Positional Adjustments

  • The position argument can control how geoms occupy space
# stacked
ggplot(data = diamonds) +
  geom_bar(mapping = aes(x = cut, fill = clarity))

# side by side
ggplot(data = diamonds) +
  geom_bar(mapping = aes(x = cut, fill = clarity), position = "dodge")
# Note the default is position = "stack"

Labels: Titles and Captions

  • Another editable part of a plot are the text labels, which we can add or modify using labs()
ggplot(data = mtcars, mapping = aes(x = mpg, y = hp)) +
  geom_point(aes(colour = factor(cyl))) +
  labs(title = "Title", subtitle = "Subtitle", caption = "Small Caption")

Labels: Axis and legends

ggplot(data = mtcars, mapping = aes(x = mpg, y = hp)) +
  geom_point(aes(colour = factor(cyl))) +
  labs(
    x = "Miles per gallon (mpg)",
    y = "Horsepower (hp)",
    colour = "Cylinders"
  )

Labels: Axis alternative

ggplot(data = mtcars, mapping = aes(x = mpg, y = hp)) +
  geom_point(aes(colour = factor(cyl))) +
  xlab("Miles per gallon") +
  ylab("Horsepower")

More practice

  • Using the same data (mpg), build on your earlier scatterplot of displ vs hwy by adding a trend line.
  • Add two different geoms to the same plot.
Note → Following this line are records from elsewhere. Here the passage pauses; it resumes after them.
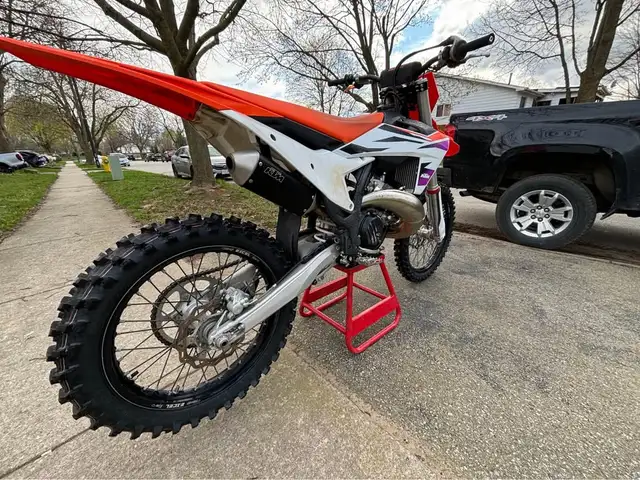 2024 KTM 250SX in Dirt Bikes & Motocross in Brantford - Image 9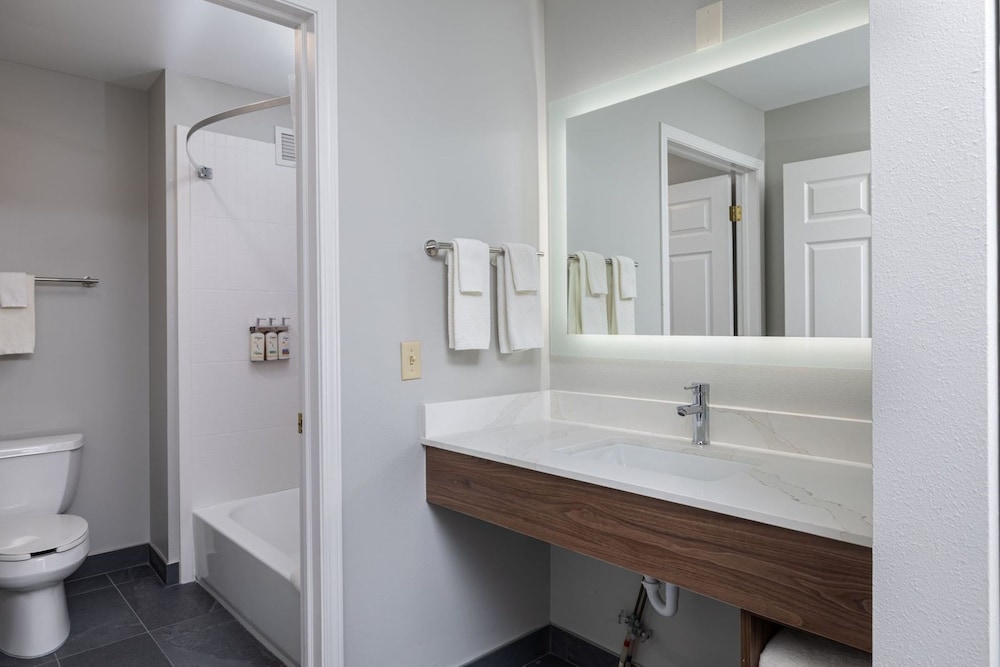 Staybridge Suites Madison East by IHG - photo 11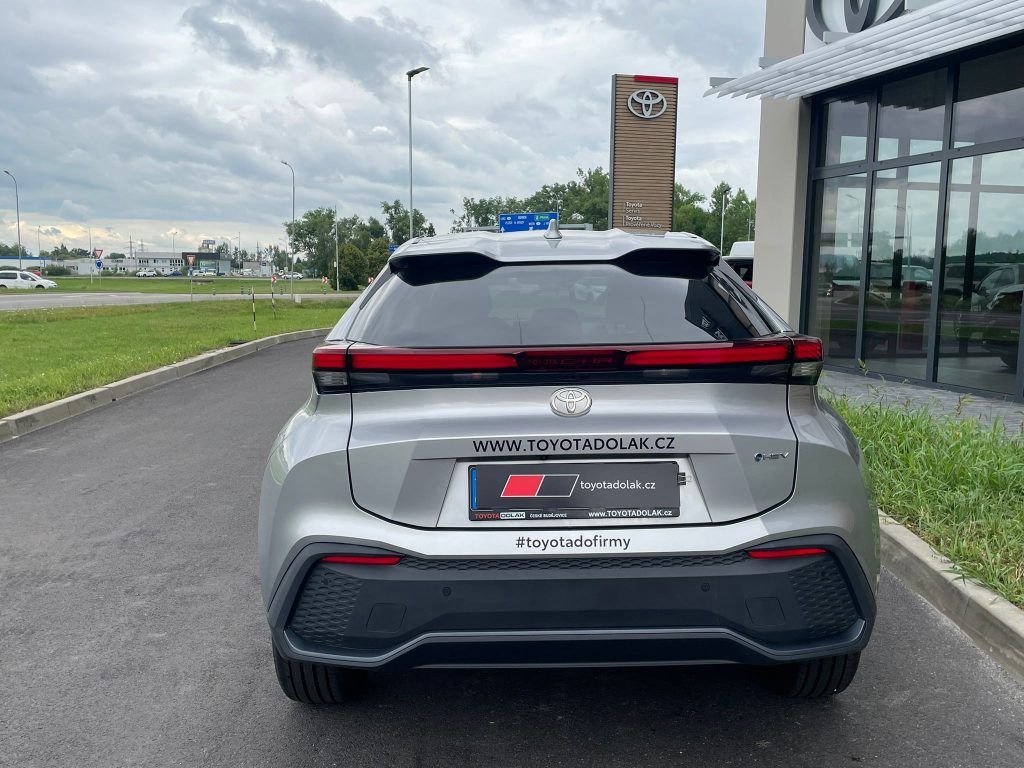 Toyota C-HR, 1.8L Style Hybrid 2x4 - fotka 5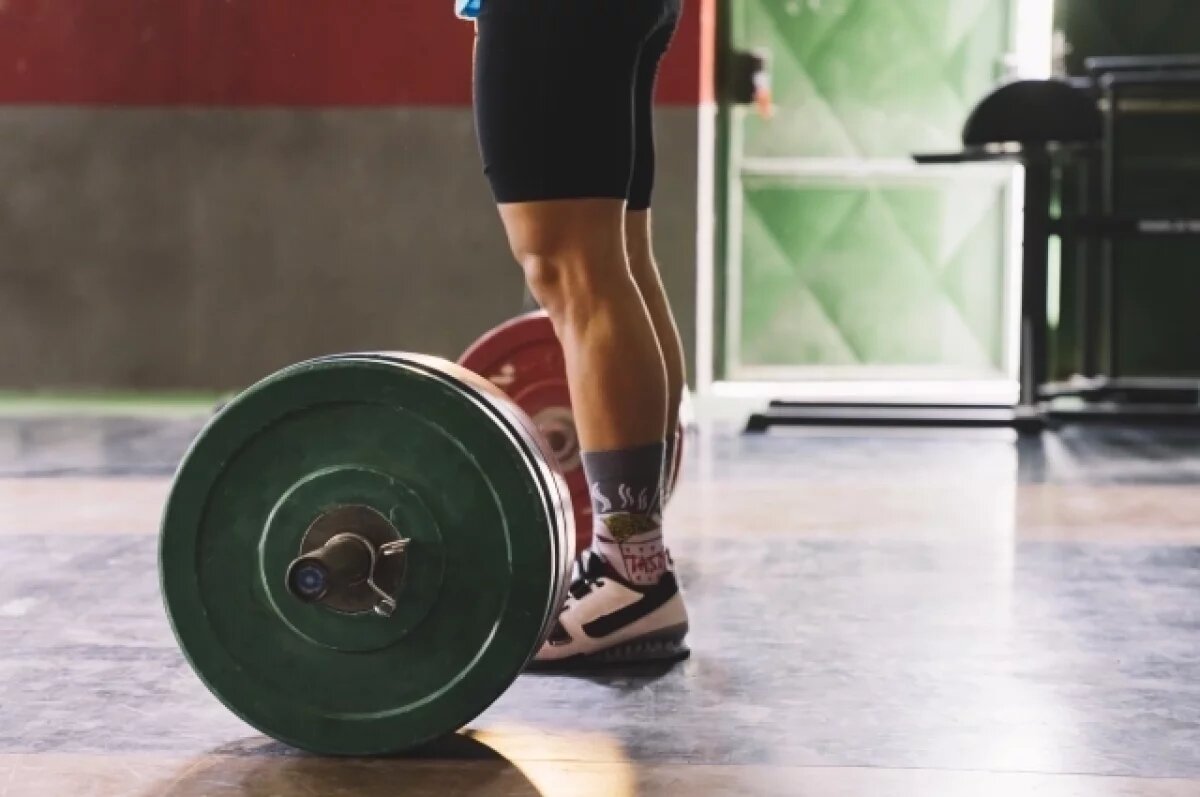    Тяжелоатлеты из РФ впервые за 3,5 года выступят на ЧМ среди молодежи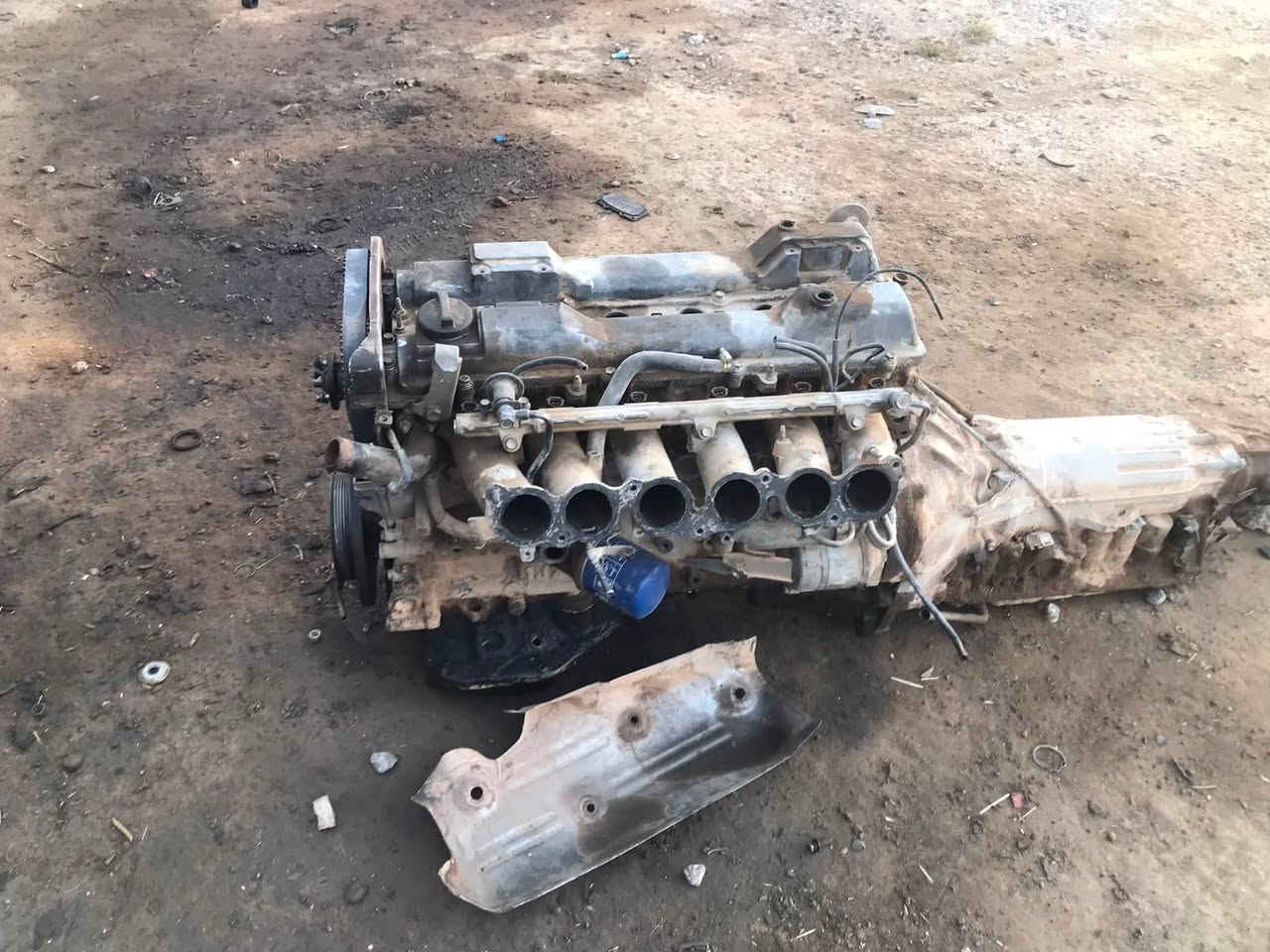 السلام عليكم 
للبيع كير ومحرك بطة بدون تفرعات
المحرك ثنين ونص يدخن الصبح بدون صوت يطق
والكير 6خطوط 
السعر 600الف
***********
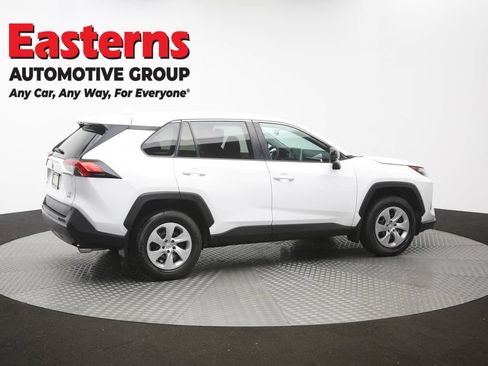 Used 2023 Toyota RAV4 LE AWD/4WD image 42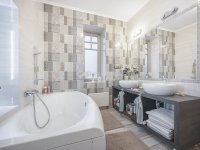 Eladó családi ház, Lajosmizsén 229 M Ft, 5 szobás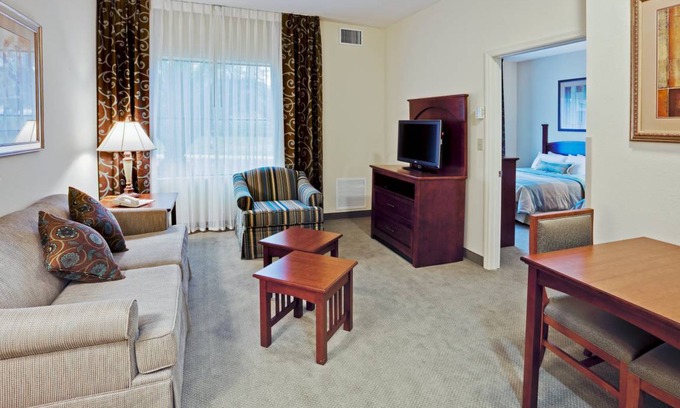 Airport North Condo | Condo ∙ 1 bedroom ∙ 4 guests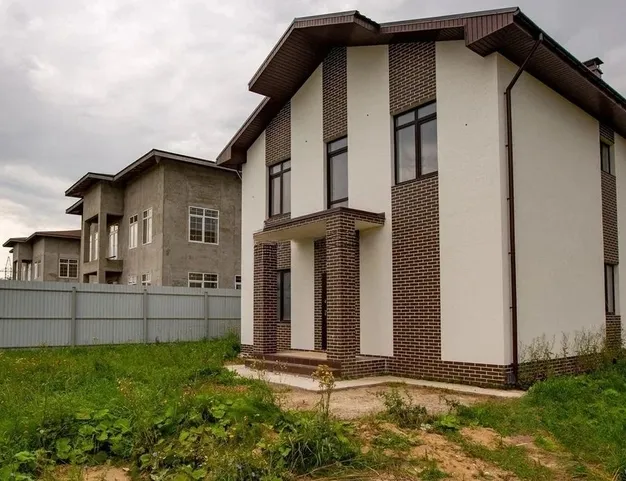 дом  в КП ДНП Люкс-Проект, 36 км от МКАД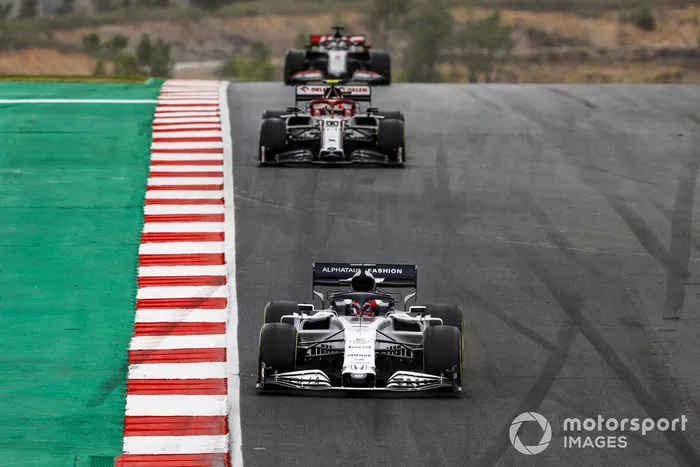 Daniil Kvyat, AlphaTauri AT01, Antonio Giovinazzi, Alfa Romeo Racing C39, Romain Grosjean, Haas VF-20
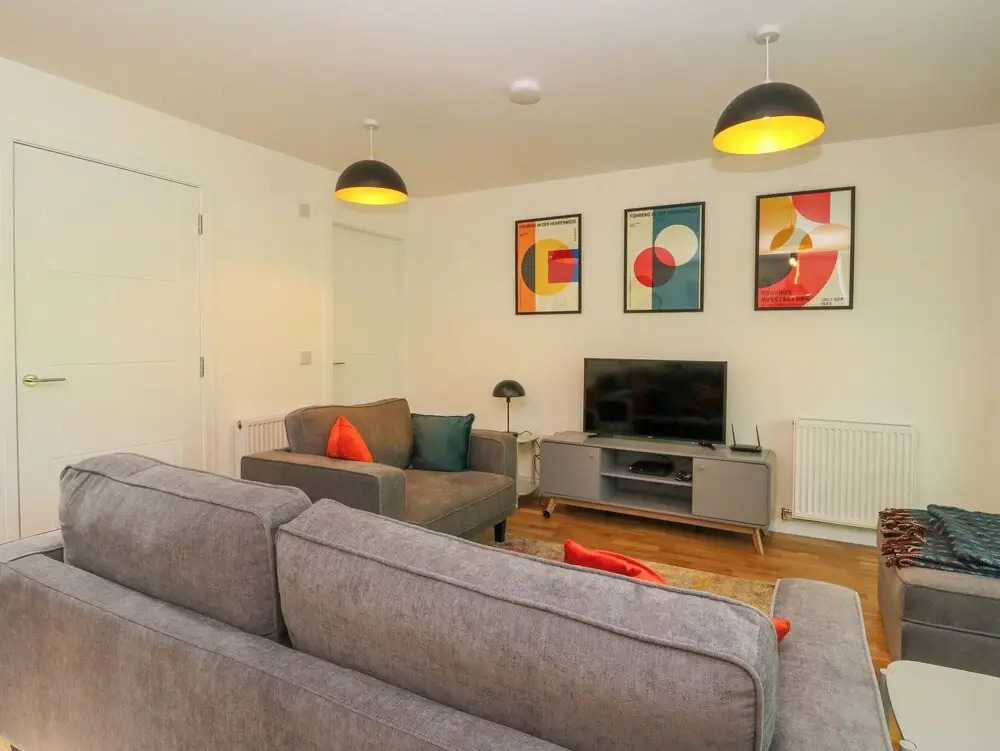 Oakbank Mews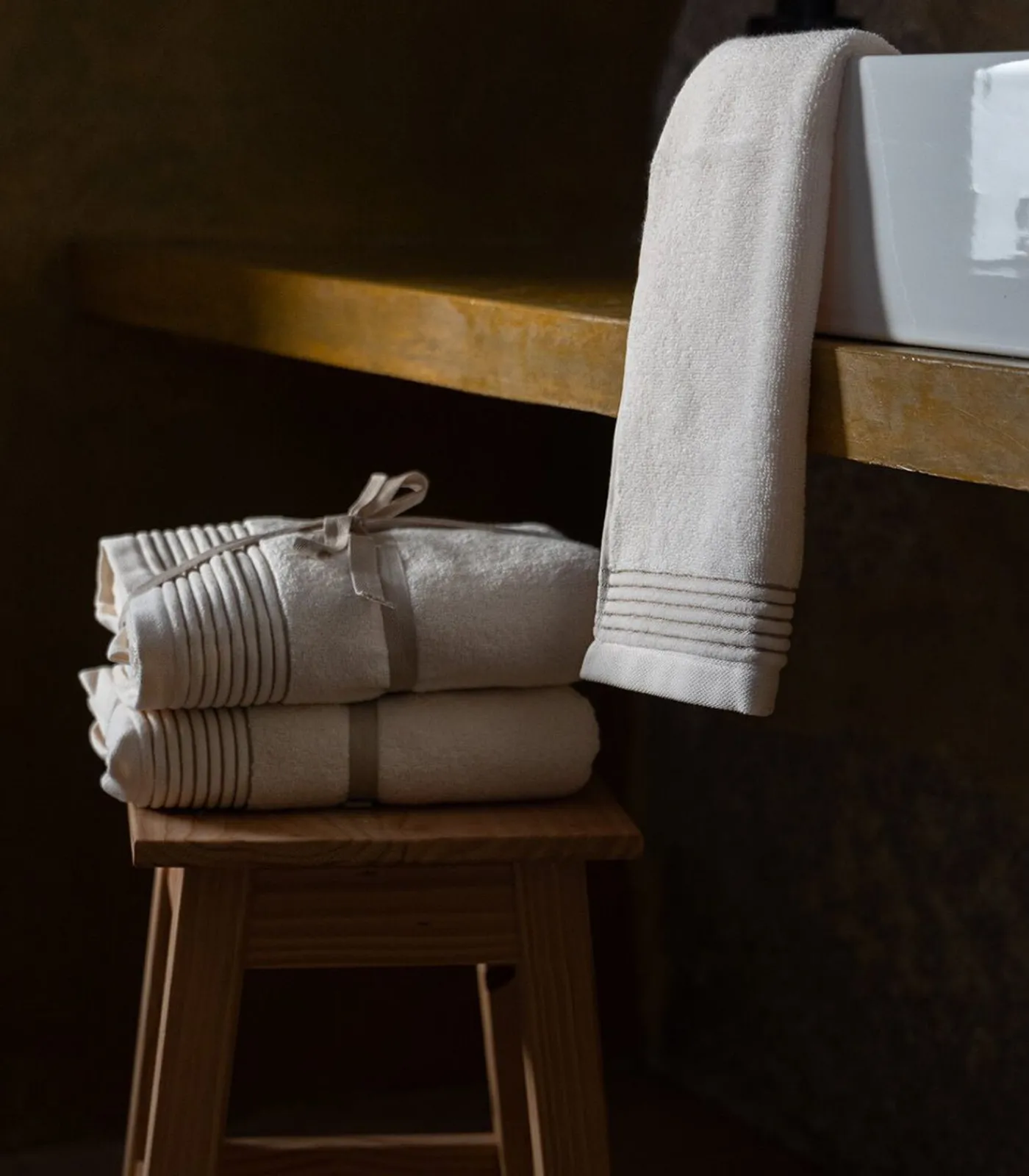 SOWL Set van 2 Premium Handdoeken SERENE BLISS. Biologisch Katoen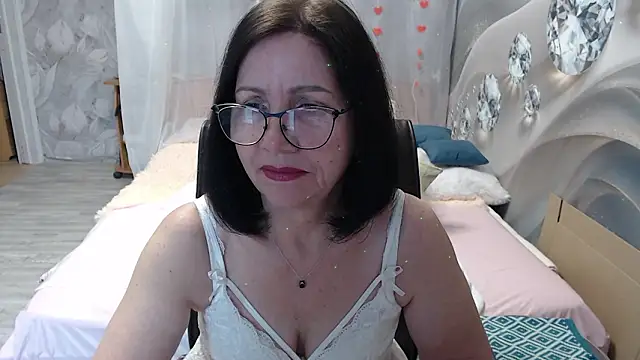 Snapshot of OlgaHottie chatting on 02/21/26, 12:12 OlgaHottie online show from 02/21/26, 12:12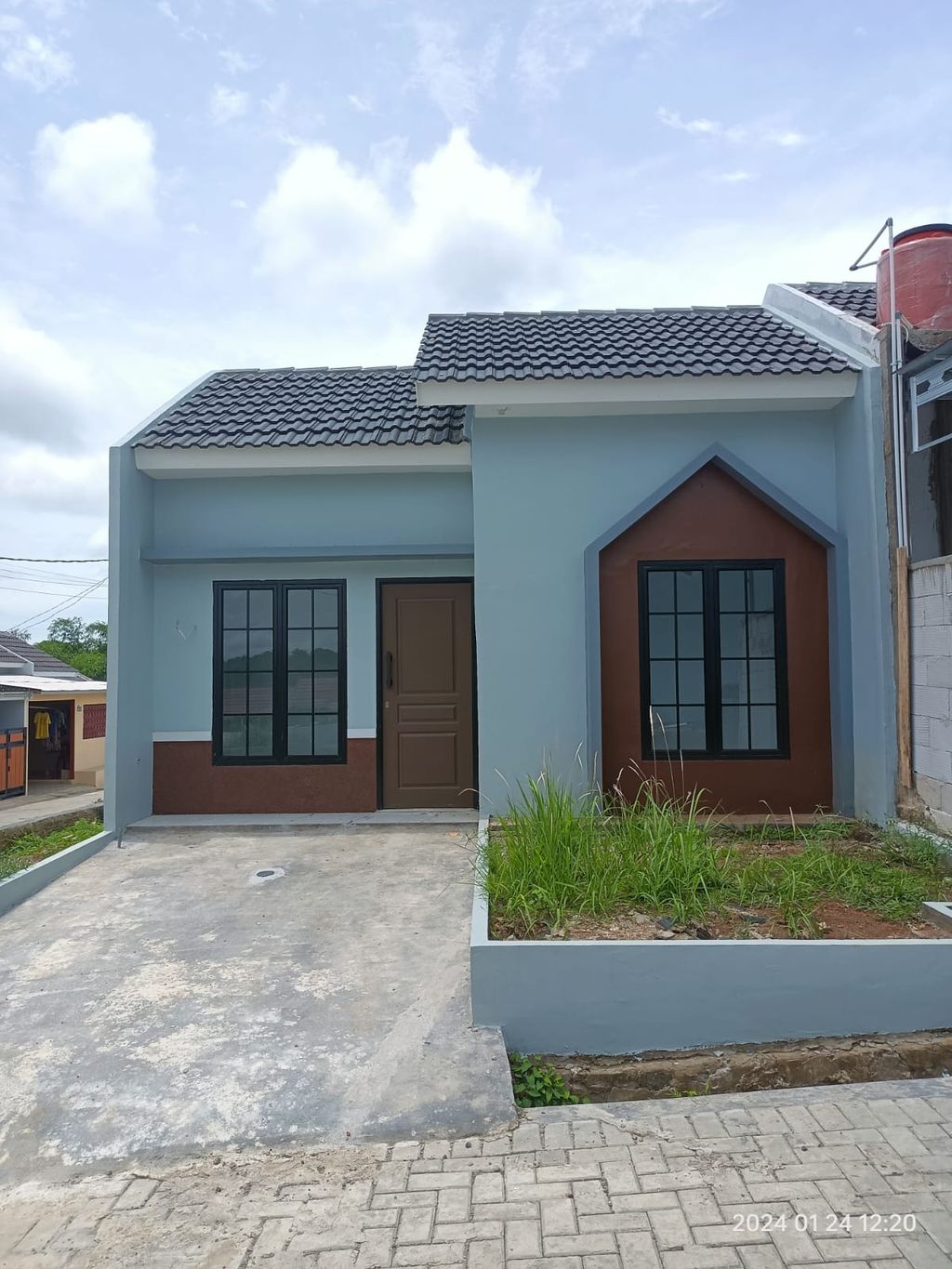 foto tampak rumah tipe LAVENDER PLUS 80 perumahan DAEVA PERMAI
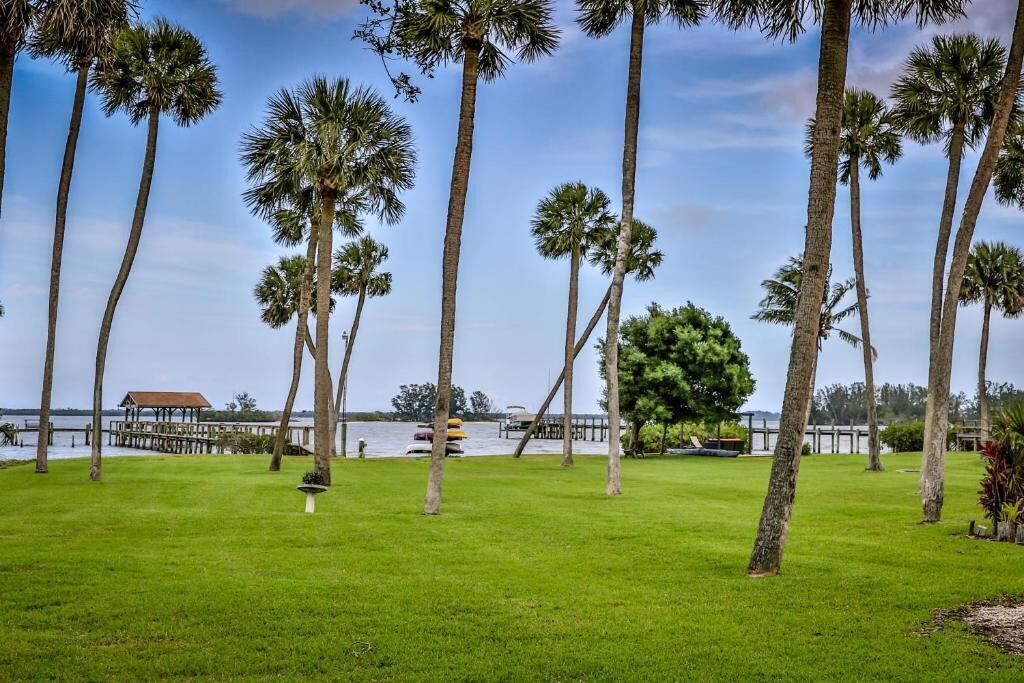 Deluxe Suite, River View | Property grounds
Experiment!
  • Use faceting to compare trends across drive types (drv).
  • Start with a bar plot of drive type (drv) by cylinder (cyl):
ggplot(mpg, aes(x = drv, fill = factor(cyl))) +
  geom_bar()
  • Then try setting position to fill or dodge. What changes?
  • Add clear axis labels, a title, subtitle, and caption to a plot

Annotations

  • To add annotation to data points, we can use geom_text() and geom_label()
ggplot(data = mtcars, mapping = aes(x = mpg, y = hp)) +
  geom_point(aes(color = factor(cyl))) +
  geom_text(aes(label = rownames(mtcars)))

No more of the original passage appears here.